Not being able to obtain a full supply of cartridges for my increased forces, I am going to establish a manufactory of them here. Whenever you can spare a few guns for Leesburg, pray send them. Yours very truly,

Appendix to Chapter VIII.

General Sam. Jones's statement concerning strategic portion of General Beauregard's report of the battle of Manassas.

camp at Centreville, Nov. 9th, 1861.
General,—I have examined the extract which you handed to me, from your report giving the strategy of the battle of Manassas, and find it, so far as my memory serves me, substantially the same as that dictated by you to me on the night of the 13th July last as a memorandum for the use of Colonel James Chestnut, who was the next morning to repair to Richmond to urge upon the government the importance of adopting its recommendations; not much importance being attached to the joint action of General Holmes, who was supposed to have but few troops to dispose of, he, I think, was not mentioned in the memorandum, but only referred to incidentally in your verbal instructions to Colonel Chestnut.

I have a very clear recollection of your instructions to Colonel Chestnut, as I wrote the memorandum myself under your dictation, and after a long and free conversation with you on the general plan of campaign, and especially of the then impending battle.

Very faithfully yours,

Sam. Jones, Brig.-Genl. Genl. G. T. Beauregard, C. S. A.
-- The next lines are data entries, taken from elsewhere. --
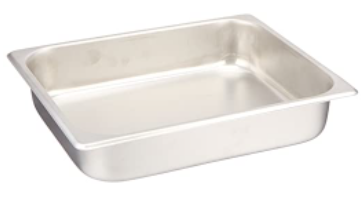 Standard-Stainless-Steelf15c2efbe08db6d4.png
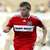 Brian McBride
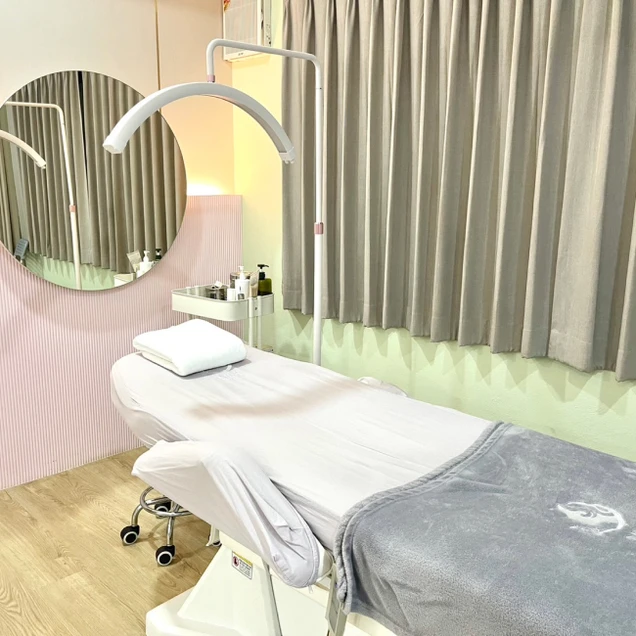 Mi-A Clinic (มีอา คลินิกเวชกรรม) photo 7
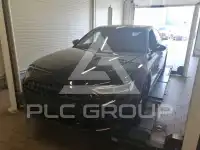 2023 Audi S8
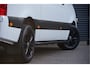 Mercedes-Benz Sprinter 319 3.0 V6 L2H2 3P, AUT. LED, STANDKACHEL, STOELVERWARMING, CAMERA, CRUISE, LEDER STUUR, NAVI BY APPLE CARPLAY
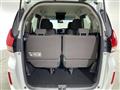 2019 Honda Freed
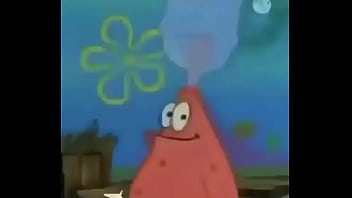 Title for the network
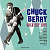Chuck Berry – Greatest Hits
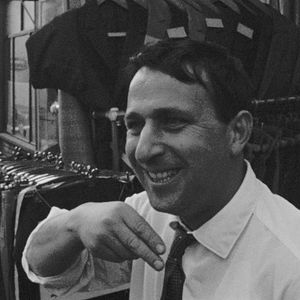 Bilder Der schöne Mai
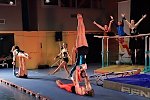 Bild_010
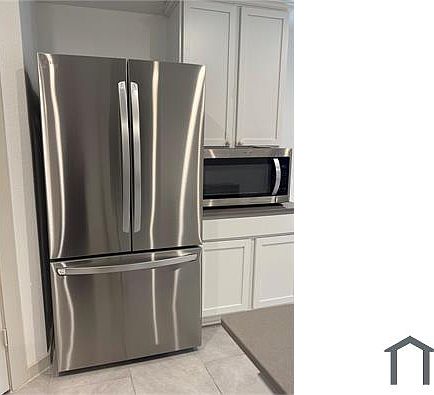 2nd image of 30011 Ousel Falls Ln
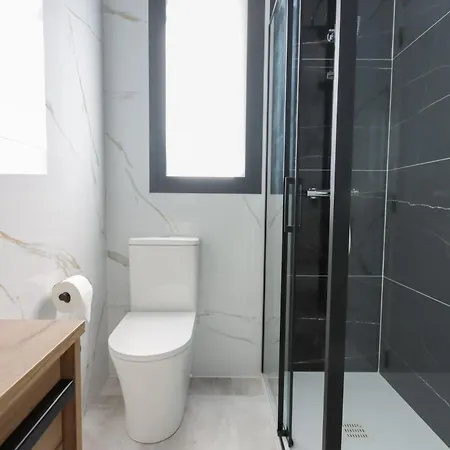 بيت ضيافة La Plata 59 3*
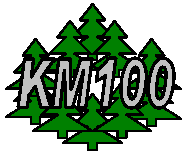 Kettle Moraine 100 mile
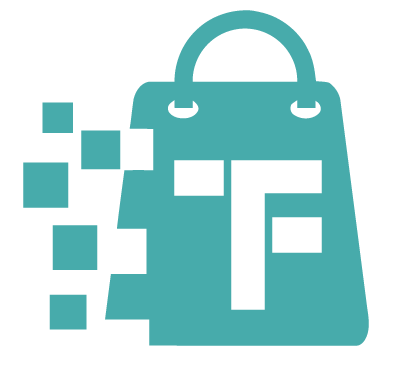 ThriftyFindsTT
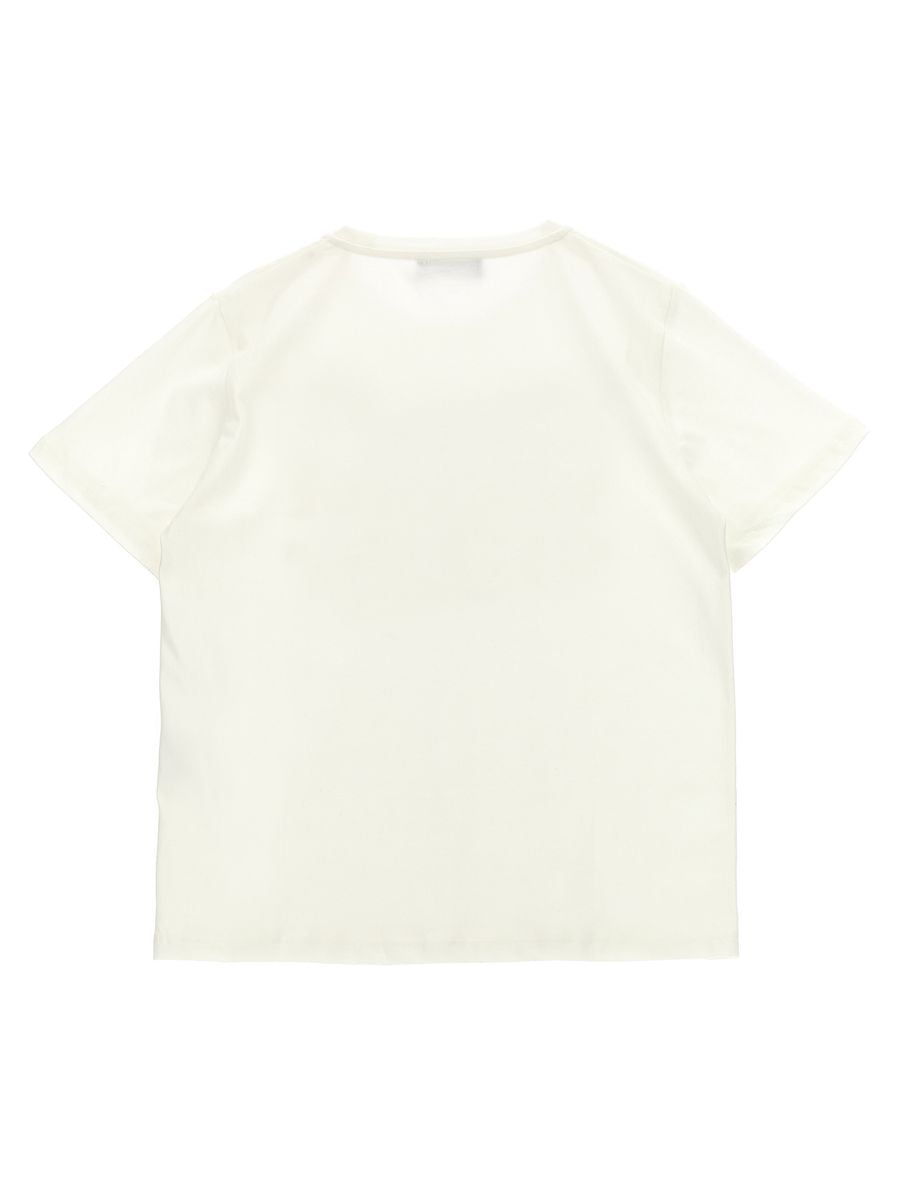 versace-kids-logo-tshirt-1764871160007825438-1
Centreville, Va., Nov. 9th, 1861.
The above statement of General Sam. Jones agrees perfectly well with my recollections of the matter referred to.

G. T. Beauregard, Genl. C. S. A.

1. Telegram from Colonel John S. Preston to General Beauregard, about concentration of Generals Johnston and Holmes's forces with army at Manassas.

Richmond, July 15th, 1861.
General Beauregard:
Matter under deliberation. Have had two interviews. Await an answer, Troops will be sent and some equipment for militia.